**** Records shown ****

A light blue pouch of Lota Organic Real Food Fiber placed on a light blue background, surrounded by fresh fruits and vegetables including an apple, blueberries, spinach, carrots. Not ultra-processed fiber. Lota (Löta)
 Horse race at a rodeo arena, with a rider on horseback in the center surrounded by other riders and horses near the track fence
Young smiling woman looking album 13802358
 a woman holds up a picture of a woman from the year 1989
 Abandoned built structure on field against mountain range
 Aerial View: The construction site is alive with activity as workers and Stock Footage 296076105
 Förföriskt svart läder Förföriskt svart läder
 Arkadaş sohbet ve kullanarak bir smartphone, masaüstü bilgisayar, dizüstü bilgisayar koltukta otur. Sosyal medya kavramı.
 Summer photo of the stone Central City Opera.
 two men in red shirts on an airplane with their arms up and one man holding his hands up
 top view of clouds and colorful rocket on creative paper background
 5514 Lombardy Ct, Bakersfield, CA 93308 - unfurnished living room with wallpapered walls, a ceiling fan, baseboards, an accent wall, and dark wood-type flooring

****

--- Aim of the task ---
Your reply should hold every line from the data that contains "woman", copied in full.

--- Response ---
Young smiling woman looking album 13802358
 a woman holds up a picture of a woman from the year 1989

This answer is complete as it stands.